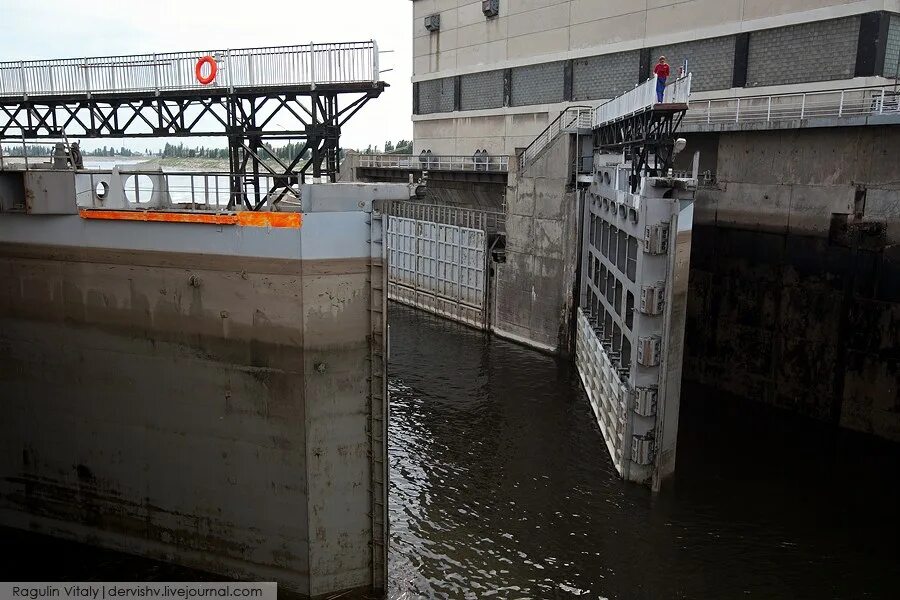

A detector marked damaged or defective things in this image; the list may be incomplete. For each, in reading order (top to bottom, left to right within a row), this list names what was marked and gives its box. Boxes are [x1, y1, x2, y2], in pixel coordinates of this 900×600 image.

orange rust stain [77, 211, 302, 230]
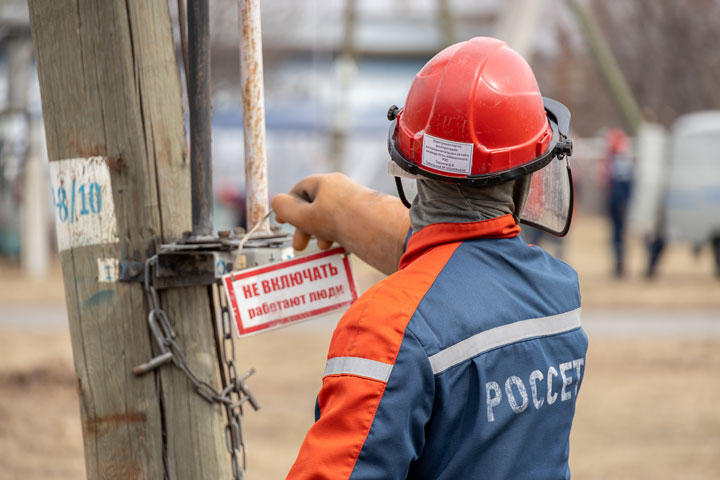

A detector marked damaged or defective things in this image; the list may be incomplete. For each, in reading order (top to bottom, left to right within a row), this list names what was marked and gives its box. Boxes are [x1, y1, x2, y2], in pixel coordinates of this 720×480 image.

rusted vertical pole [187, 0, 212, 236]
rusty metal pipe [187, 0, 212, 237]
rusted vertical pole [238, 0, 268, 232]
rusty metal pipe [239, 0, 270, 232]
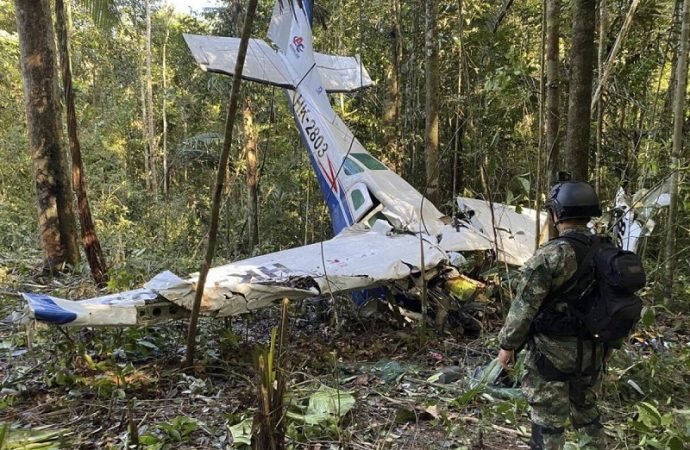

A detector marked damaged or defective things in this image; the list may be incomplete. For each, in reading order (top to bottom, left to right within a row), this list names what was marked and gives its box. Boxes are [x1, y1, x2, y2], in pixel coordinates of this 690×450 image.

crashed small plane [18, 0, 552, 326]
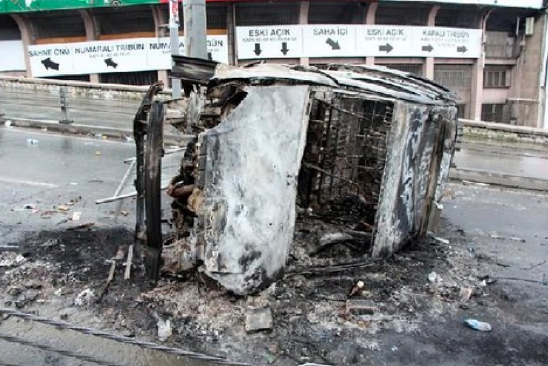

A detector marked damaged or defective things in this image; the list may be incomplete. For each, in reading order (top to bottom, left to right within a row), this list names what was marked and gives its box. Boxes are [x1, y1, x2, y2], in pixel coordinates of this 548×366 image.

scorched wreckage [117, 58, 460, 296]
burned vehicle [126, 58, 456, 296]
overturned car [128, 58, 458, 296]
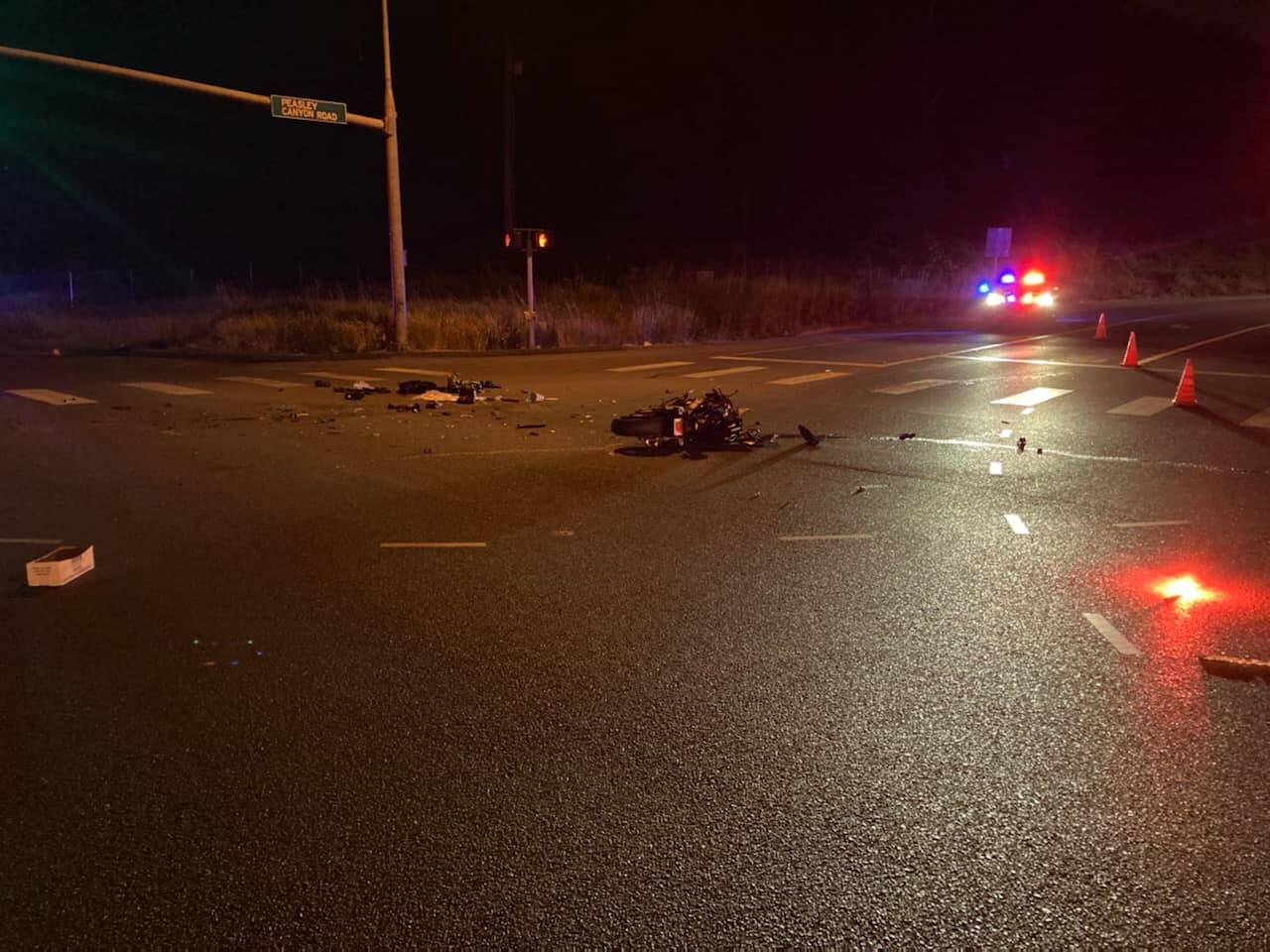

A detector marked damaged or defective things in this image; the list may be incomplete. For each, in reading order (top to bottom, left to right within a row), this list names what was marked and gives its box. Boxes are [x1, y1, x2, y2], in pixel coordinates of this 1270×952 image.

wrecked motorcycle [611, 389, 770, 448]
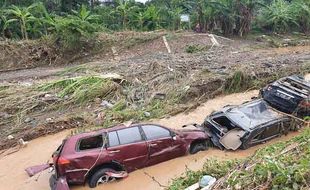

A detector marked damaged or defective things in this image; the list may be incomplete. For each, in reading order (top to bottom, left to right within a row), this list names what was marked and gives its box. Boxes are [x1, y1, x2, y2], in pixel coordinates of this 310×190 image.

crushed car body [260, 74, 308, 117]
crushed car body [200, 99, 292, 150]
wrecked silver car [199, 99, 294, 150]
crushed car body [26, 123, 209, 189]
⁂
=== Activity ===
Exact repetition of all entries is required. The pictures should not appear.

=== Solution ===
A detector marked damaged or defective things in this image; the list may be incomplete. For each, in reading order (top to bottom, left to right within a row), this list names what was marked and gives its box. Boxes are [x1, y1, x2, y2], in pixel coordinates of this 900×600 image.

orange rust stain [77, 211, 302, 230]

A detector marked damaged or defective things in this image; the list may be incomplete. For each, in reading order (top to bottom, left to right within a row), this list names what was marked and gives its box. Boxes are [x1, y1, x2, y2], in pixel coordinates of this 720×480 image.

rusted vertical pole [187, 0, 212, 236]
rusty metal pipe [187, 0, 212, 237]
rusted vertical pole [238, 0, 268, 232]
rusty metal pipe [239, 0, 270, 232]

A detector marked damaged or defective things in this image; the list may be incomplete. For each, in reading order (top to bottom, left to right within a row), this list names what was marked and gives its box. Boxes are [x1, y1, x2, y2], in pixel coordinates of this 690×450 image.

crashed small plane [18, 0, 552, 326]

A detector marked damaged or defective things in this image; the list may be incomplete. For each, in reading order (top to bottom, left to right within a row), this list names what was marked and gives its box. Boxes are [x1, y1, x2, y2], in pixel coordinates of this 548×366 image.

scorched wreckage [117, 58, 460, 296]
burned vehicle [126, 58, 456, 296]
overturned car [128, 58, 458, 296]

A detector marked damaged or defective things in this image; the list may be incomplete. For each, in reading order (top to bottom, left to right within a row), this list names what was marked and gives its box. Boxes are [x1, y1, x2, y2], in pixel coordinates of this 1270×952 image.

wrecked motorcycle [611, 389, 770, 448]

A detector marked damaged or defective things in this image; the list may be incomplete. For each, in reading order (top to bottom, left to right within a row), this list names what was marked and gives its box. Boxes are [x1, y1, x2, y2], in pixel coordinates of this 310×190 image.

crushed car body [260, 74, 308, 117]
crushed car body [200, 99, 292, 150]
wrecked silver car [199, 99, 294, 150]
crushed car body [26, 123, 209, 189]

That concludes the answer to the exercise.